Task requirements> Retype word for word the stretch of entries below from the line that has "Plage à Southampton, les" through the line that has "Atlantis Condo Resort Jomtien Exterior photo", and omit the pictures.

Records for the task>
╔══

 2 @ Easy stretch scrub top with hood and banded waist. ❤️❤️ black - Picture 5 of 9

╚══
╔══

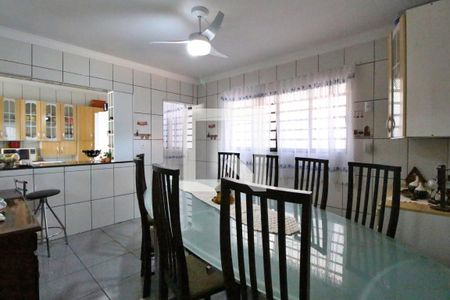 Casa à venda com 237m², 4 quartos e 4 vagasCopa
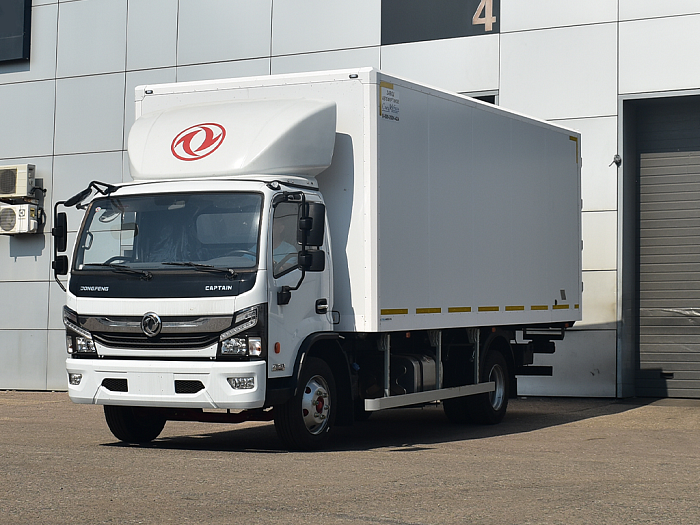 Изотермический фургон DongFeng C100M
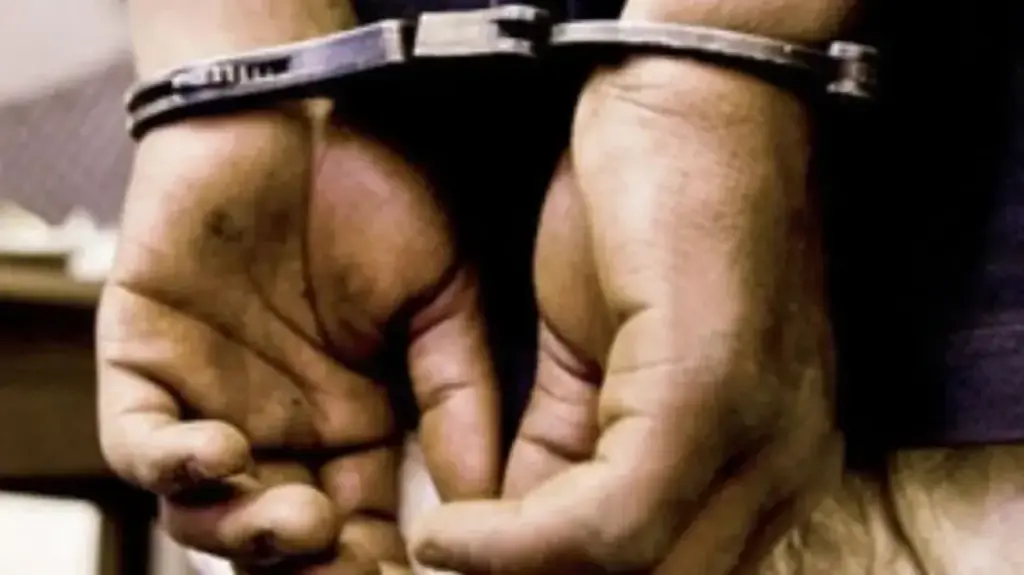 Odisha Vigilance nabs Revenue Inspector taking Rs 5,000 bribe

╚══
╔══

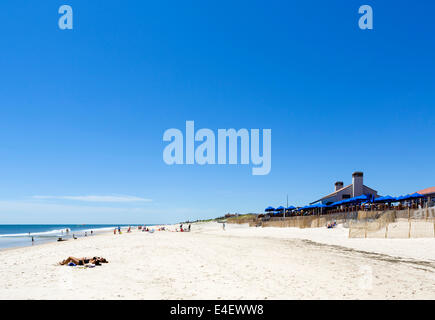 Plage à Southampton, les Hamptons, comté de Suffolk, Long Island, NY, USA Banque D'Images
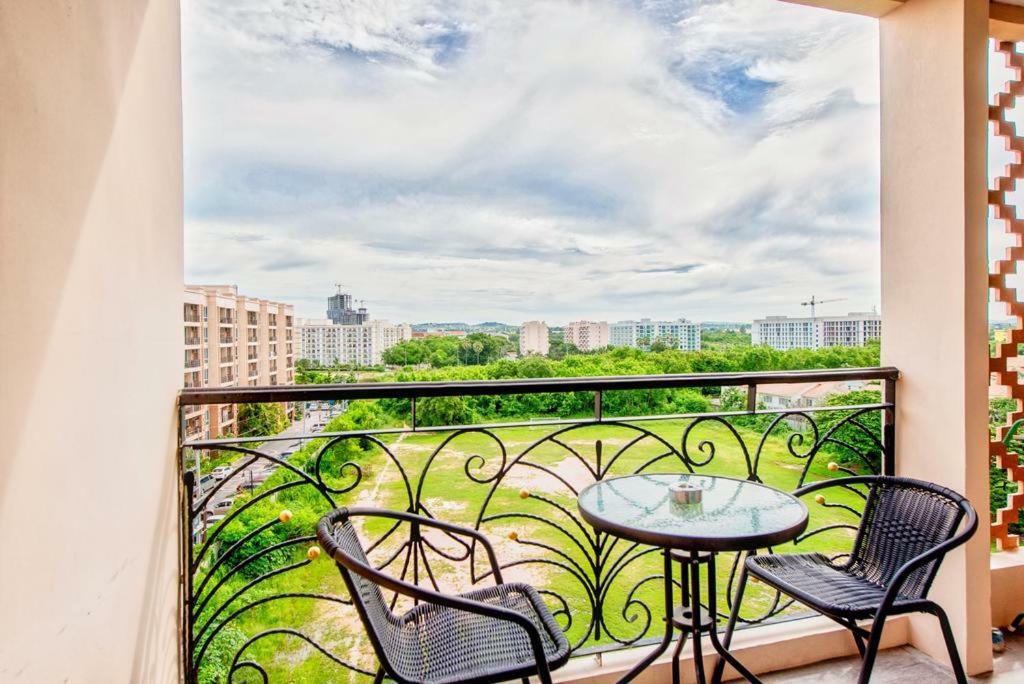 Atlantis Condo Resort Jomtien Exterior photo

╚══

Exercise output>
 Plage à Southampton, les Hamptons, comté de Suffolk, Long Island, NY, USA Banque D'Images
 Atlantis Condo Resort Jomtien Exterior photo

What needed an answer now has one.